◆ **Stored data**
* * * * * * *

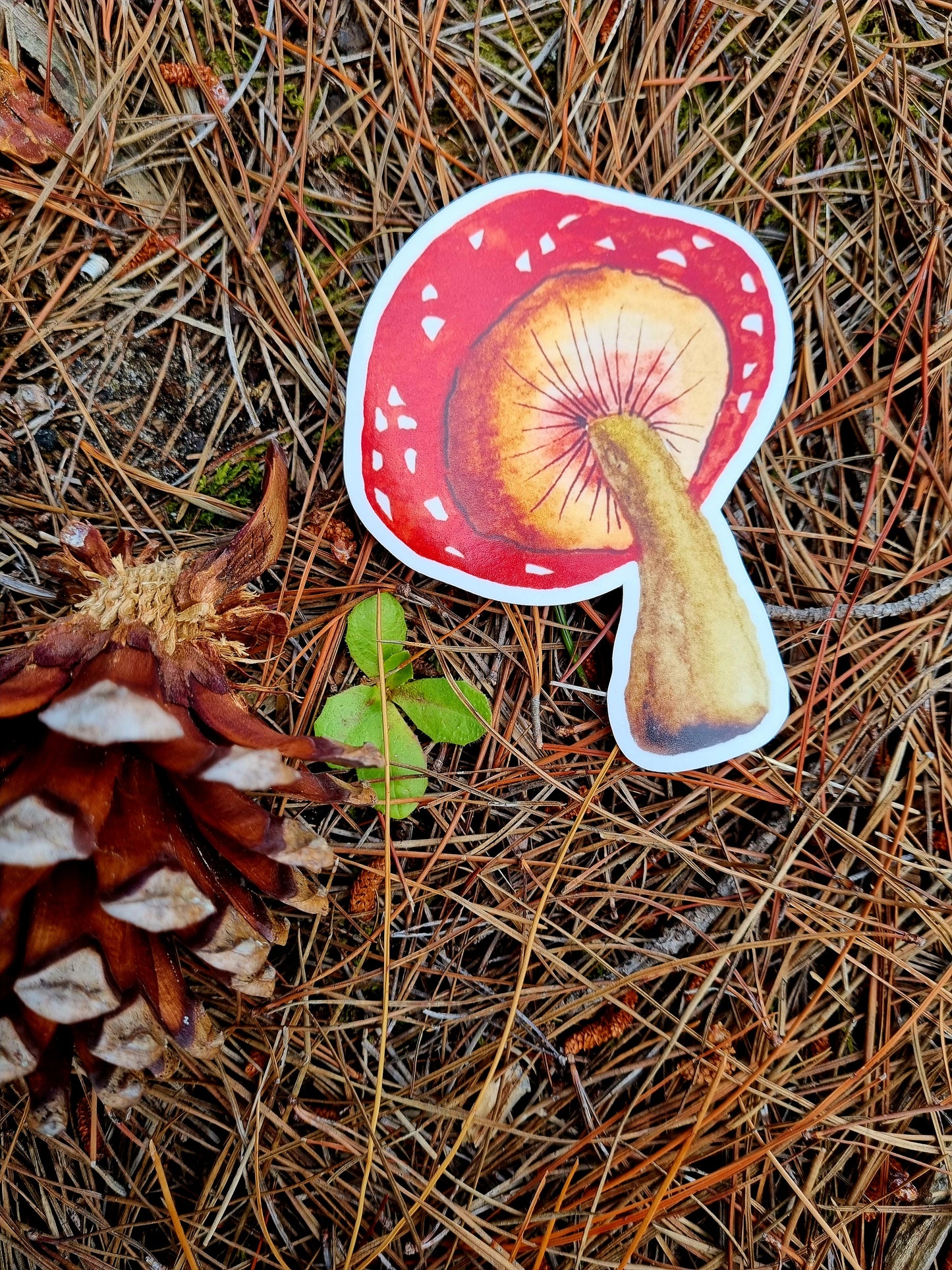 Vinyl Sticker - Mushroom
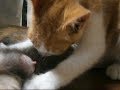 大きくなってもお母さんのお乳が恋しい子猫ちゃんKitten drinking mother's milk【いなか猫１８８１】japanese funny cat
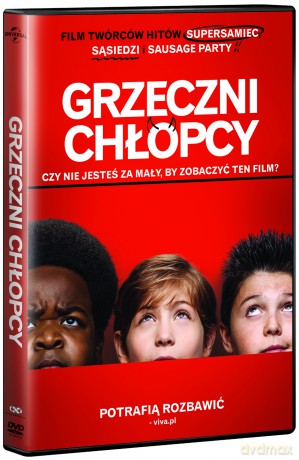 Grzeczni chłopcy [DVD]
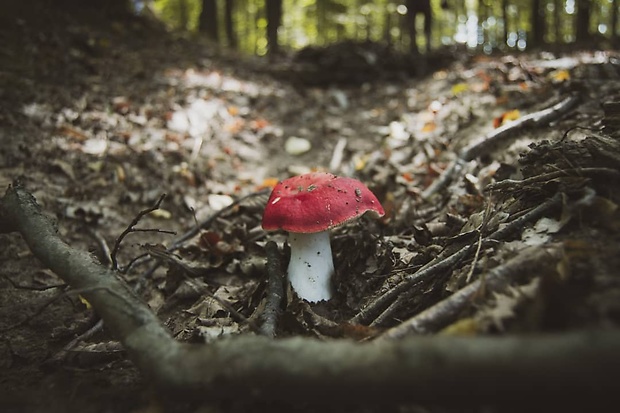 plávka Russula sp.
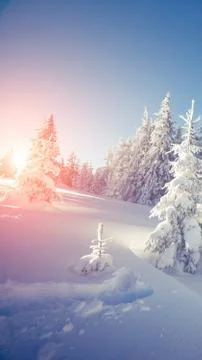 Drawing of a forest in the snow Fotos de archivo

* * * * * * *

Would you copy each line above exactly as given, dropping any images?

 Vinyl Sticker - Mushroom
 大きくなってもお母さんのお乳が恋しい子猫ちゃんKitten drinking mother's milk【いなか猫１８８１】japanese funny cat
 Grzeczni chłopcy [DVD]
 plávka Russula sp.
 Drawing of a forest in the snow Fotos de archivo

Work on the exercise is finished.